Below are entries with pictures in them. Output exactly the lines starting at the line with "Drugie zdjęcie samochodu" and ending at the line with "Ford EcoSport II", both included, but not the pictures.

## DATA EXTRACT
===============

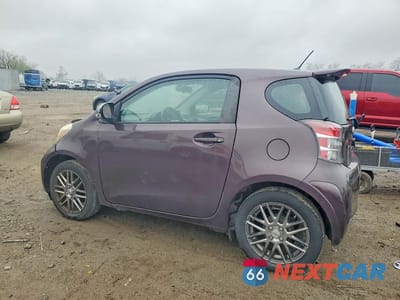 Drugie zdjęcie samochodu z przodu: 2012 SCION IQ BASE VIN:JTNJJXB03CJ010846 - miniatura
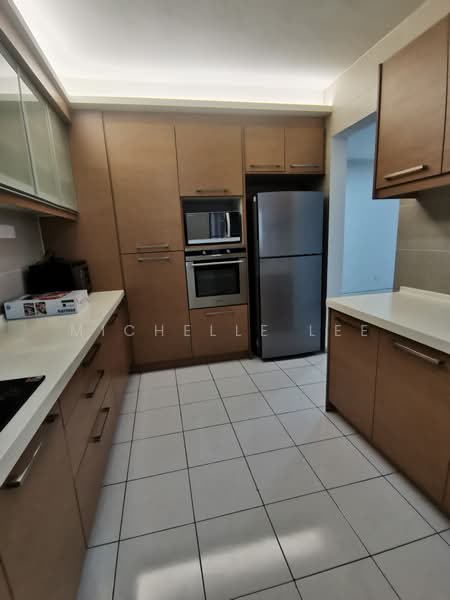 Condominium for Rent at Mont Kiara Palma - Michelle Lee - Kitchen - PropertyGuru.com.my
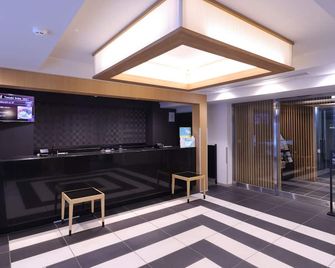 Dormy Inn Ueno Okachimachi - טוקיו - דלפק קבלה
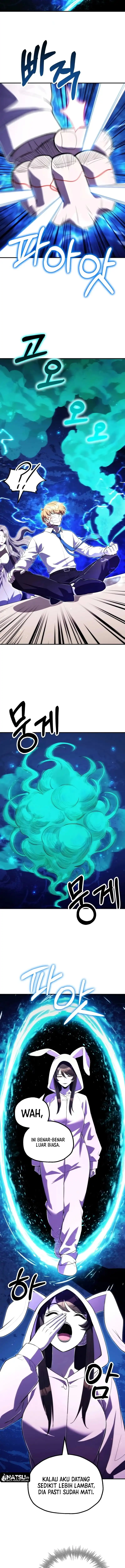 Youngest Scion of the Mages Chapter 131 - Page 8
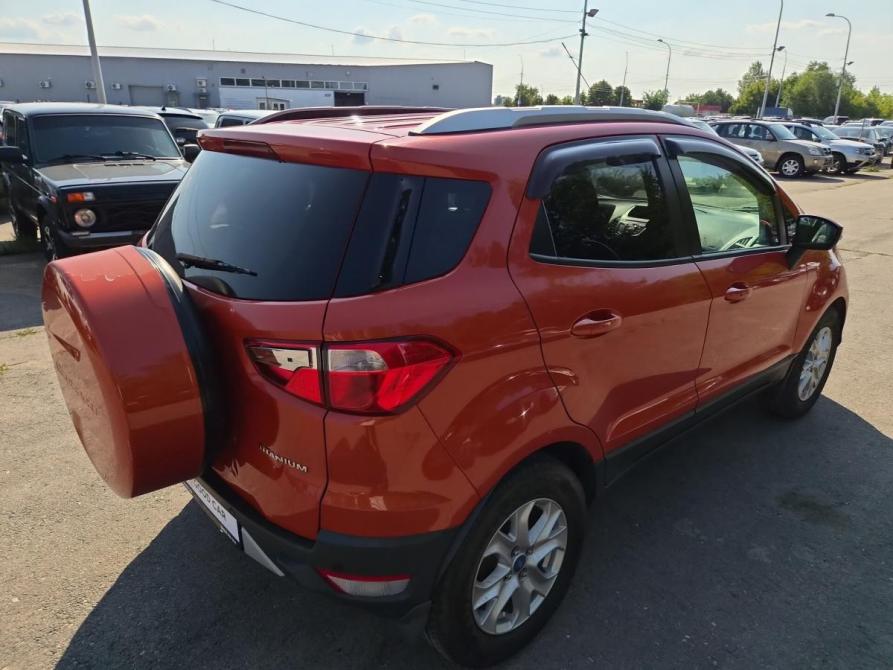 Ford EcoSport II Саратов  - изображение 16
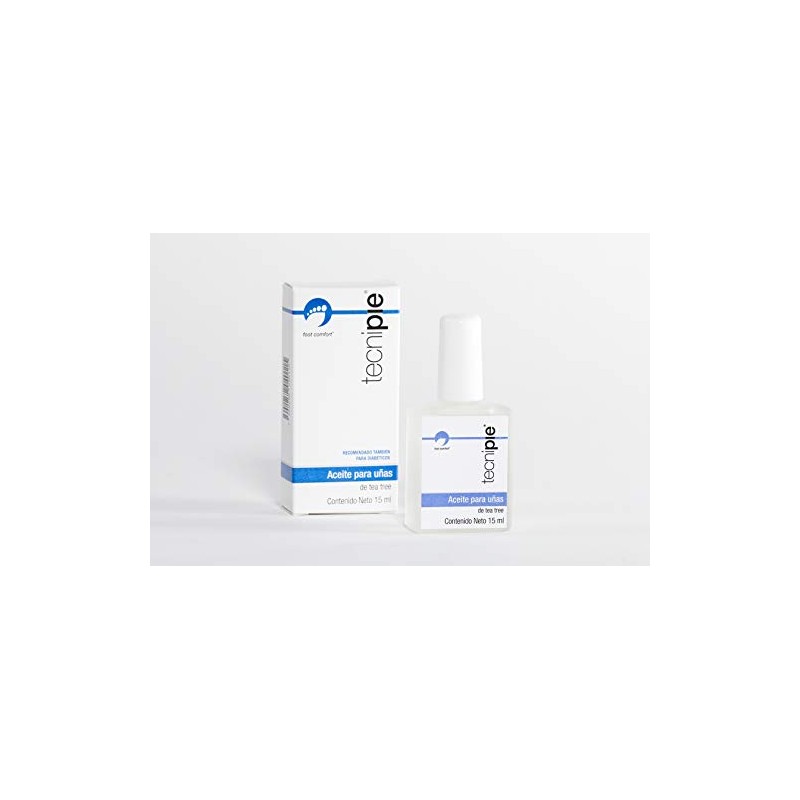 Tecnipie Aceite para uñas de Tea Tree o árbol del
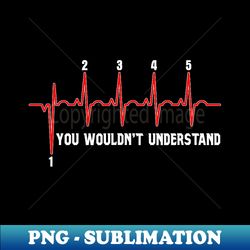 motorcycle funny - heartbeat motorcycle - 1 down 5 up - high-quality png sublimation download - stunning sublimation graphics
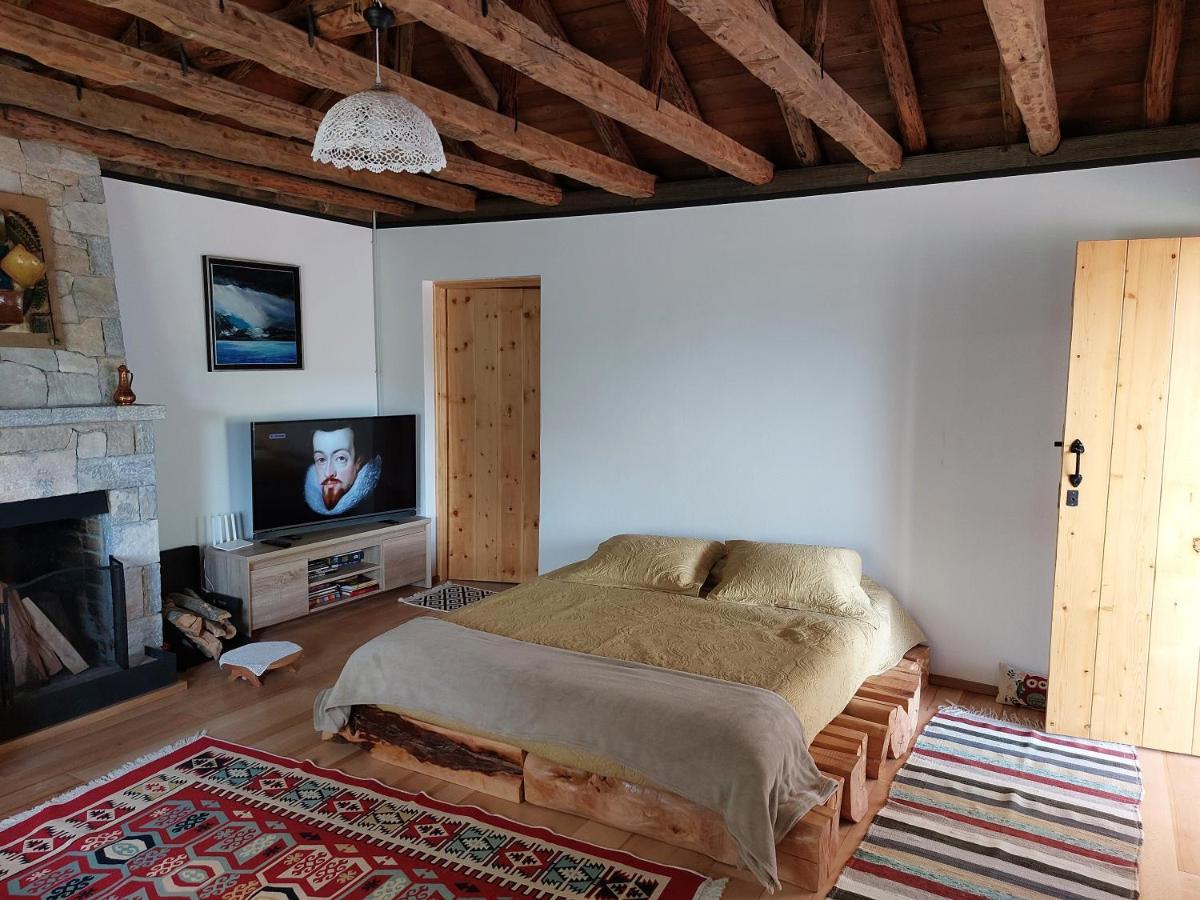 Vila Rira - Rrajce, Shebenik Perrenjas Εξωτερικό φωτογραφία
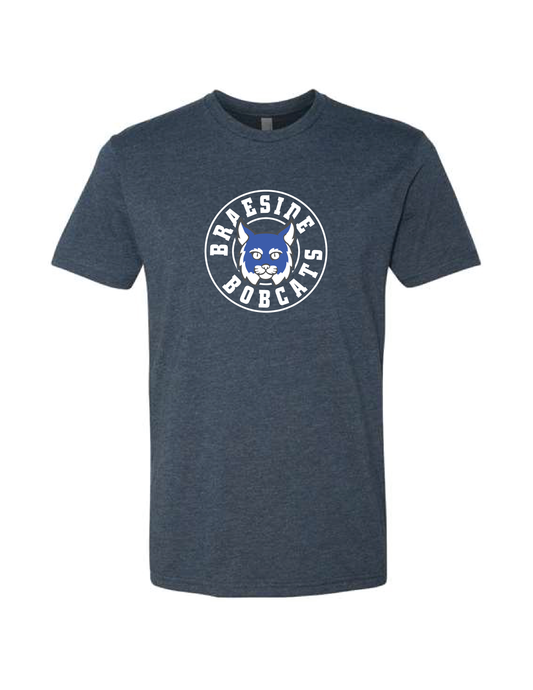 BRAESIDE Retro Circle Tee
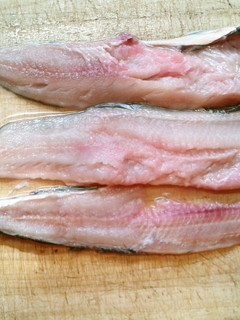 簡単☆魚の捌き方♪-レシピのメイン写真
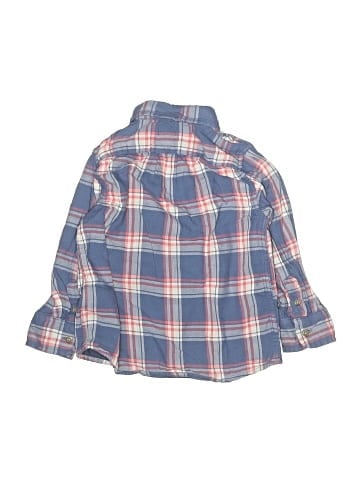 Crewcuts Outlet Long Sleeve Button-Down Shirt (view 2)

===============

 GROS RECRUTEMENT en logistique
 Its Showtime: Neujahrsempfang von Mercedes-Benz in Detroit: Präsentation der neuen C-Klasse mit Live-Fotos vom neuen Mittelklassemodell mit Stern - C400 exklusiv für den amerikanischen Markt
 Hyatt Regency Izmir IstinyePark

===============

## REPLY
 Drugie zdjęcie samochodu z przodu: 2012 SCION IQ BASE VIN:JTNJJXB03CJ010846 - miniatura
 Condominium for Rent at Mont Kiara Palma - Michelle Lee - Kitchen - PropertyGuru.com.my
 Dormy Inn Ueno Okachimachi - טוקיו - דלפק קבלה
 Youngest Scion of the Mages Chapter 131 - Page 8
 Ford EcoSport II Саратов  - изображение 16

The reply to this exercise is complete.